- Morphological signature of the Azuara structure taken from the digital map of Spain, 1:250,000
- Location: Azuara, Zaragoza Province, Aragon, Spain; 41°11′N 0°53′W﻿ / ﻿41.18°N 0.88°W;

Impact crater structure
- Confidence: Unlikely
- Diameter: Supposedly ~30 km (19 mi)
- Age: 32 to 40 Ma Late Eocene or Early Oligocene
- Exposed: Yes
- Drilled: No

= Azuara impact structure =

The Azuara structure is a structural feature of about 30 km diameter, located in northeastern Spain, roughly 50 km south of Zaragoza. The name is attributed to the small town of Azuara located near the center of the structure. It has been subject to controversial, generally rejected claims that it represents an impact feature. It was formerly listed in the Earth Impact Database, but was subsequently removed.

== History ==
The first claims of an impact origin was given by Wolfgang Hammann as early as 1980, and the first field work was done by Johannes Fiebag in the early eighties.
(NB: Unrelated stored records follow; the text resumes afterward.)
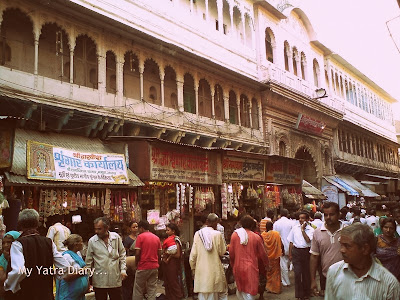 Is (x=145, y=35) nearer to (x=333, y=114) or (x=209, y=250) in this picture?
(x=209, y=250)

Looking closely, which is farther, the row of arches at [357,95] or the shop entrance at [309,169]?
the row of arches at [357,95]

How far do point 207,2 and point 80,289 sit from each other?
14724 mm

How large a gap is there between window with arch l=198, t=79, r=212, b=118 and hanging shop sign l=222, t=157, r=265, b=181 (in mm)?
3400

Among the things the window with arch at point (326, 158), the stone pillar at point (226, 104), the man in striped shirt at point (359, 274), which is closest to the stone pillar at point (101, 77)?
the stone pillar at point (226, 104)

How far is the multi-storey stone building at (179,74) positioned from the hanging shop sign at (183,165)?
2.08 meters

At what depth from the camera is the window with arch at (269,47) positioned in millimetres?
20859

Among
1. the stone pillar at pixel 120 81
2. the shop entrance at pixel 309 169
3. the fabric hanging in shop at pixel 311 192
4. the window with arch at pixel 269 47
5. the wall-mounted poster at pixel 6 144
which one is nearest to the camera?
the wall-mounted poster at pixel 6 144

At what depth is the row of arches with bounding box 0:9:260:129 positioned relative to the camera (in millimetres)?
11008

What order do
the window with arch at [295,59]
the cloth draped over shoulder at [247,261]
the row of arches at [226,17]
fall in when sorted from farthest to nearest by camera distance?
1. the window with arch at [295,59]
2. the row of arches at [226,17]
3. the cloth draped over shoulder at [247,261]

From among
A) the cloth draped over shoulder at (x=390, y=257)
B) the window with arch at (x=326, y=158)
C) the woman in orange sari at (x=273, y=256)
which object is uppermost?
the window with arch at (x=326, y=158)

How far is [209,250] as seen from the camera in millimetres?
5953

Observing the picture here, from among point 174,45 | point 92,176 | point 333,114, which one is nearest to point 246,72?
point 174,45

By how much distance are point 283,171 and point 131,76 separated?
7.74 metres

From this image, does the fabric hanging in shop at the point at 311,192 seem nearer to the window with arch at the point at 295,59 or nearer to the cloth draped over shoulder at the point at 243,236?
the window with arch at the point at 295,59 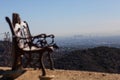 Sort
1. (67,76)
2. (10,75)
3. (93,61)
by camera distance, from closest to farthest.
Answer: (10,75)
(67,76)
(93,61)

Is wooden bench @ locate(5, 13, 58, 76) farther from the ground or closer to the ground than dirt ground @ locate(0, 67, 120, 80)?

In 1985, Ernstson et al. published the purported occurrence of shock metamorphism.

== Reception ==
Mainstream scientific opinion rejects the Azuara structure as being of impact origin, with the shock effects being tectonic features, the supposed impact ejecta (Pelarda Formation) actually being Quaternary alluvial fans and supposed impact breccias and dike breccias are generally interpreted as karst features and soil formations. The opposition against the impact origin for Azuara has been supported by an analysis and paper (Langenhorst & Deutsch 1996) rejecting the occurrence of shock metamorphism in Azuara rocks. Based on this paper and analysis, Azuara was removed from the Canadian Impact Data Base when its management changed to the University of New Brunswick.